A guardarlo da lontano mantiene ancora un’aria importante, come se volesse ricordare a tutti il suo passato olimpico. Ma quando ci si avvicina, il Villaggio Olimpico di Sestriere rivela per intero la sua natura: un gigante di cartapesta (nel più vero significato del termine), nato per brillare un paio di settimane e poi lasciato a se stesso. Una fragile cattedrale nel deserto che oggi finisce all’asta, come un oggetto ingombrante che nessuno vuole più tenere in casa. Diciannove anni dopo Torino 2006, è il simbolo di una stagione di opere faraoniche e di eredità pesanti che incidono ancora sui bilanci e sul paesaggio.

L’idea, all’epoca, era persino elegante. Quegli anelli di rame sopra le teste degli atleti avrebbero dovuto evocare la Belle Époque, con una galleria che richiamava i porticati di inizio Novecento. Chissà se qualcuno ci ha fatto caso davvero. Forse no. Perché la realtà, oggi, è assai meno poetica.

All’asta, ancora una volta

Il Villaggio torna all’asta. Era già successo tra il 2022 e il 2023, sempre senza risultati. Nessuno voleva prendersi in carico quell’area di 75mila metri quadrati incastonata a oltre 2mila metri di quota. E allora la base d’asta era “solo” 18 milioni. Oggi è quasi raddoppiata, arrivando a 35 milioni. Non perché sia diventato più prezioso, anzi, ma perché nella vendita sono finite anche le multiproprietà che occupano una parte importante del complesso.

Parliamo di 300 stanze, 1.200 posti letto, sei palazzine, le due torri storiche “Club Med” e “Valtur”, e un blocco centrale che sembra un piccolo mondo a sé: ristorante, bar, cinema-teatro, centro benessere, sale convegni. Una città nella città, piazzata su un cucuzzolo alpino.

La gestione, per ora, prosegue grazie a TH Resort, che lo riempie nelle settimane bianche. Le condizioni manutentive, dicono, sarebbero buone. Ma tra funzionare, alla bell’e meglio, e trovare un acquirente c’è un abisso. Un colosso così, oggi, è un investimento che fa paura.

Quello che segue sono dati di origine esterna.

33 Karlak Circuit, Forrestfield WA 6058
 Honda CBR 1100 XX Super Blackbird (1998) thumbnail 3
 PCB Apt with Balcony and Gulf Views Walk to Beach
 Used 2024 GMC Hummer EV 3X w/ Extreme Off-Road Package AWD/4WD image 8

Le eredità olimpiche: un rosario di fallimenti

E qui arriviamo al punto dolente. Perché Sestriere non è un’anomalia. È un tassello di un mosaico più grande, quello delle opere di Torino 2006 finite in rovina, abbandonate o inutilizzate.

Il Villaggio Olimpico di Torino, in città, è diventato la tristemente nota “Calais italiana”, teatro per anni della più grande occupazione abusiva d’Europa.
I trampolini di Pragelato, costruiti per quasi 35 milioni di euro e poi spostati dalla loro iniziale posizione, che avrebbe fatto atterrare gli atleti direttamente nel fiume Chisone, sono rimasti lì a farsi mangiare dal tempo.

E poi c’è il fallimento più clamoroso di tutti: la pista da bob di Cesana Pariol.
Un’opera da 110 milioni di euro, concepita come fiore all’occhiello, chiusa pochi anni dopo per costi di gestione insostenibili e mai più davvero utilizzata. Una delle figuracce più costose e più imbarazzanti della storia olimpica italiana, tanto che oggi perfino Milano-Cortina ha dovuto rinunciare a utilizzarla, preferendo rivolgersi all’estero.
Un monumento allo spreco, alla disorganizzazione e all’illusione che “dopo” qualcuno avrebbe trovato un modo per salvarla. Ovviamente non è successo.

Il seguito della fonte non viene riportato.